Frontline Communities Are Making the Post-climate World

December 11, 2015

Communities like the Alaskan native village of Kivalina are facing climate change head-on, and developing new, locally-led strategies for the future.

Photo by Michael Gerace

Photo by Michael Gerace

With the world’s attention on the global climate negotiations in Paris, climate-displaced communities like Kivalina—a 467-person, 27-acre barrier island village on the coast of Iñupiaq Alaska—are moving forward on their own accord. Not waiting for policy solutions from above, Kivalina is forging alliances beyond the state to activate resources and possibilities for village relocation that otherwise would not exist. If Paris is the official response of global governments to climate change, the strategies composed by Kivalina and other frontline communities represent an “alter-global” approach, a form of globalization from below. On the front lines, people are making their own futures in a climate-changed world.

From disruptions to animal migration to the loss of essential sea-ice hunting grounds and a changing coastline, climate change is of great concern in Kivalina and many other villages across Alaska. But climate change is only the most recent factor in Kivalina’s struggle to relocate, an effort that began a century ago, after the federal government forcibly settled a seminomadic indigenous nation onto a precarious barrier island. In a village where multigenerational families are now crowded into homes without running water and toilets, and where government agencies hold meetings about the community’s future in offices more than 600 miles away, in Anchorage, Kivalina’s people carry a host of unmet desires and demands that precede the world’s shared concern for climate change.

Even as global social movements call upon the world to do better, the best-case scenario for the voluntary emissions reductions pledged in Paris will fail to keep global average temperatures below the 2 degree Celsius threshold needed to avert “dangerous” climate change.
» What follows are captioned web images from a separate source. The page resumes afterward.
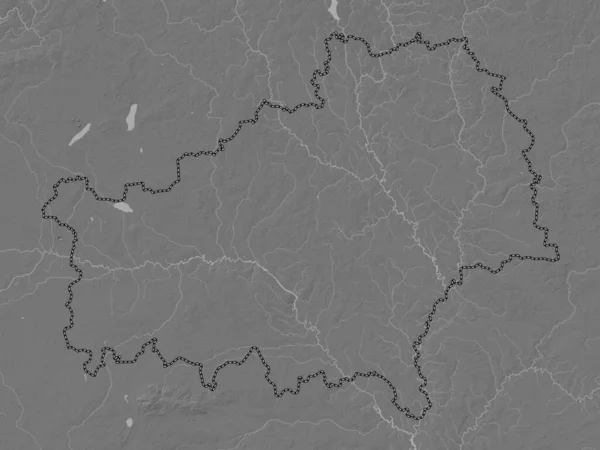 Homyel Region Belarus Bilevel Elevation Map Lakes Rivers — Stock Photo, Image
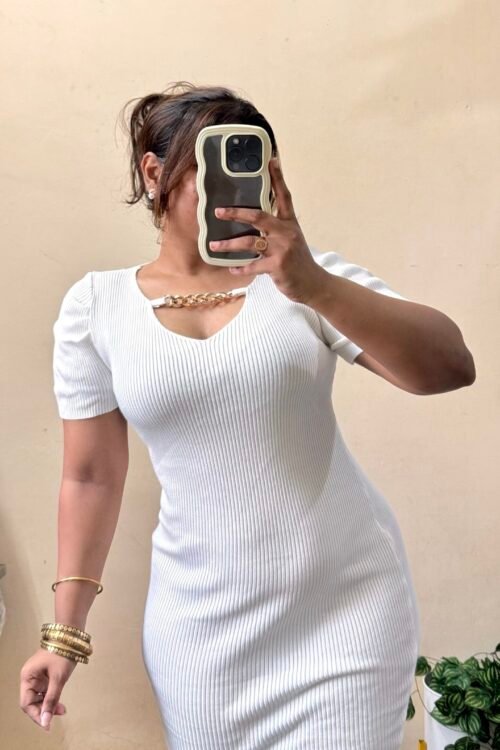 White Bodycon Dress(Size : 30-34 Bust)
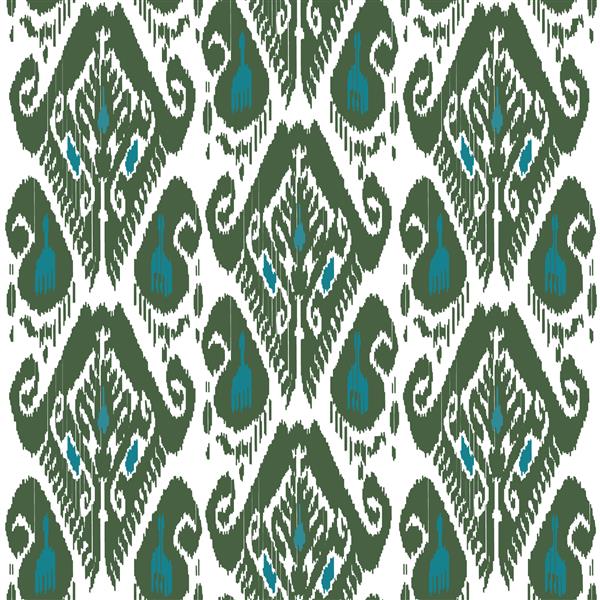 طرح ایکات رنگ سبز برای پارچه ها و چیزهای خلاقانه دیگر محصولات نساجی سنتی در ازبکستان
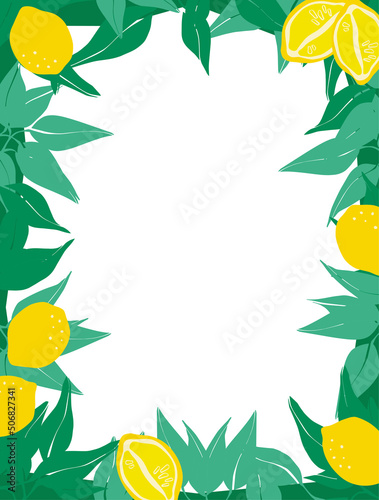 Decorative frame made of leaves and yellow lemons. Abstract invitation card on a leafy background. Artistic natural banner design. Abstract art botanical vector background.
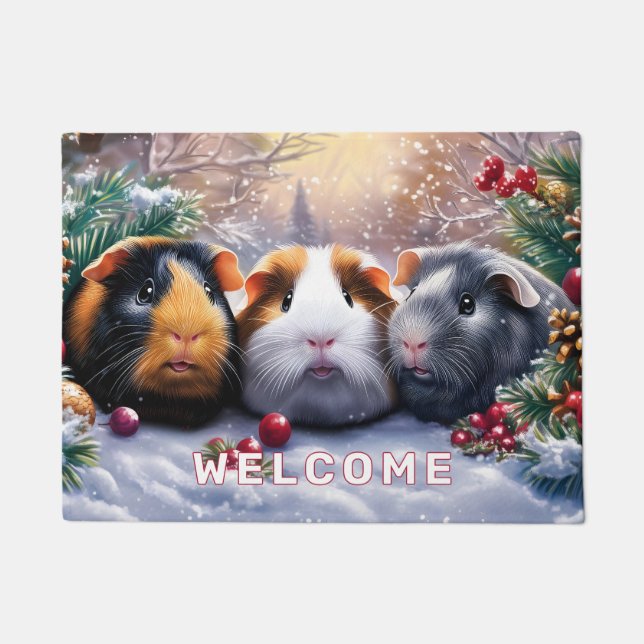 Tapete Guiné Pigs Winter Wonderland (Frente)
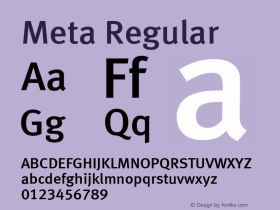 Meta Regular 004.301 Font Sample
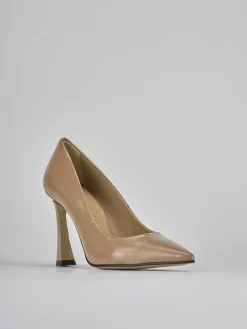 Décolleté e slingback tacco 10cm vernice marrone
And proposals to create a centralized international agency to deal with climate-displaced communities have been abandoned. Around the world, government responses have been fundamentally mismatched to the size and nature of global climate impacts. In Alaska, following President Obama’s visit to the Arctic, the White House announced an undersize $2 million commitment to turn the Denali Commission, a federal-state agency that was nearly defunct, into a “one-stop shop” for village relocation. Alaska governor Bill Walker used his recent visit to Kivalina to justify his perverse plan to ramp up fossil fuel extraction offshore and in the Arctic National Wildlife Refuge to pay for the rising costs of adapting to climate change.

We’ve seen that for Kivalina and many other displaced communities, the realities of climate change have exposed the limitations of existing forms of governance and the roots of long-standing economic, social and environmental injustices. Alternative frontline strategies have not only begun to produce movement on relocation but have also become a frontier for greater local autonomy, self-determination and flourishing.

People in climate-displaced communities are taking control of their own relocation-planning processes and composing their own futures. Even as Kivalina demands government recognition of and responsibility for its displacement, in recent years self-organized groups and village councils have also been building alliances beyond the state. Through these “alter-global” networks, Kivalina is expanding the possibilities for its relocation, making space to include its cultural, political and economic desires in the process.

In collaboration with Re-Locate, a transdisciplinary social arts collective, Kivalina’s people are transforming their village community center to house the Center for Global Responsibility for Climate Displacement and Kivalina Relocation Planning. The center will host an in-village planning process and gatherings of climate-affected communities from across Alaska and around the world. Together, we are fundraising, rebuilding and planning for the village’s future. We’re designing and building decentralized and relocatable water and sanitation infrastructure. And we’re using digital media to share the stories, histories and dreams of Kivalina’s people—all grounded in the everyday life of the community.

Halfway around the world, in the South Pacific, an elders’ council in the Carteret Islands is undertaking a similar effort. When they saw how slow and ineffective the government relocation plans were, they formed the group Tulele Peisa (“sailing the waves on our own”) and allied themselves with nonstate partners from around the world. Tulele Peisa created a voluntary relocation plan to help families move from their atolls to the mainland and establish connections and build homes there without reliance on government support.

It’s no longer a question of whether governments understand or acknowledge the severity of climate change and its impacts on communities, it’s whether the problem can be addressed by the same centralized and extractive “dominant culture” logics that caused it in the first place. Governments ought to make good on their historic responsibilities by leveraging money and technological capacity to mobilize people and materials, but they must do so in response to the particular demands of frontline communities. In these early post-climate days, displaced communities—in addition to building coalitions beyond the state—have begun to insist that governments learn to work from within the plans and visions that these communities design for themselves.